Проблема государственной судебно-экспертной деятельности и даже не отдельного её вида является ключевой. А ведь с терминами происходит тоже чехарда: в Минюсте судебная экспертиза, в МВД и др. — фоноскопическая, а в ФСБ — фонографическая, а в остальном мире судебная (одно из значений английского — forensic) экспертиза цифровых и иных доказательств.

Кто или что может изменить ситуацию? Полагаю, что согласна с коллегами и экспертами, что многое здесь зависит именно от воли президента и премьера.

В адвокатской практике приходилось сталкиваться с курьезными случаями. Один из моих подзащитных вынужден был обратиться в Комиссию Общественной палаты по общественного контролю за деятельностью и реформированием правоохранительных органов и судебно-правовой системы с просьбой рассмотреть вопрос о возможности подготовки заключения о соответствии закону практики проведения фонографических экспертиз в одном из судебно-экспертных учреждений ФСБ России. В ответ он получил письмо от руководителя отдела по работе с обращениями граждан о том, что оказывается, у членов Комиссии нет необходимой профессиональной компетенции для подготовки указанного заключения. Та же ситуация наблюдается и в парламенте. Руководители профильных комитетов Госдумы, бегут от рассмотрения проблем государственной судебно-экспертной деятельности и повышения качества следствия как «чёрт от ладана»! К сожалению, власть устраивает ситуация, когда всё можно «решить» волевым усилием без рассмотрения объективной стороны проблемы. При таких обстоятельствах ожидать каких-либо конструктивных шагов в ближайшее время не приходится.
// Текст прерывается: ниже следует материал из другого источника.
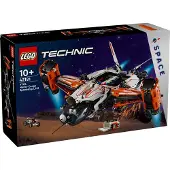 LEGO 42181 VTOL Raskaan kuorman avaruusalus LT81 Uusi.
Анастасия Семикаленова, судебный эксперт, преподаватель кафедры судебных экспертиз Московской государственной юридической академии; в области судебной компьютерно-технической экспертизы работает более 10 лет:

«Зачастую предоставить в суд оригинал не представляется возможным, поскольку запись речи производится либо на портативные диктофоны, либо на диктофоны мобильных телефонов, с которых, после снятия копии, она стирается. Проблема достоверности в таких случаях может решаться еще на стадии переноса материала на внешний носитель (например, CD или DVD), когда ее осуществляют во время проведения следственных действий, что фиксируется в протоколе. В результате, поскольку не известен источник происхождения записи, отсюда и могут возникать дальнейшие сложности.
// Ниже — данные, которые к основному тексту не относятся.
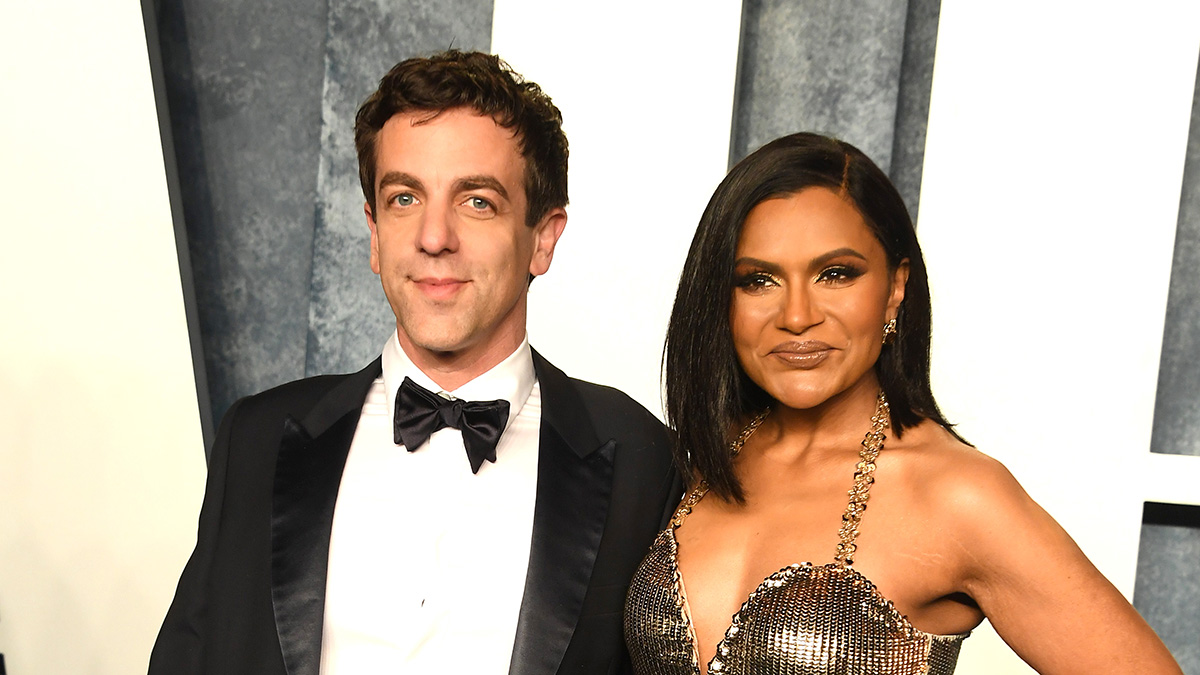 Mindy Kaling responds to rumors she and B.J. Novak had a falling out – NBC4  Washington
Экспертиза либо проводится «честно», на основании обоснованных и проверенных научных данных, с соблюдением всех принципов судебной экспертизы (одним из которых является повторяемость проведенного исследования), либо нет. В большинстве случаев грань проводят органы, осуществляющие оценку полученных результатов, принимая, либо не принимая экспертное заключение в качестве доказательства.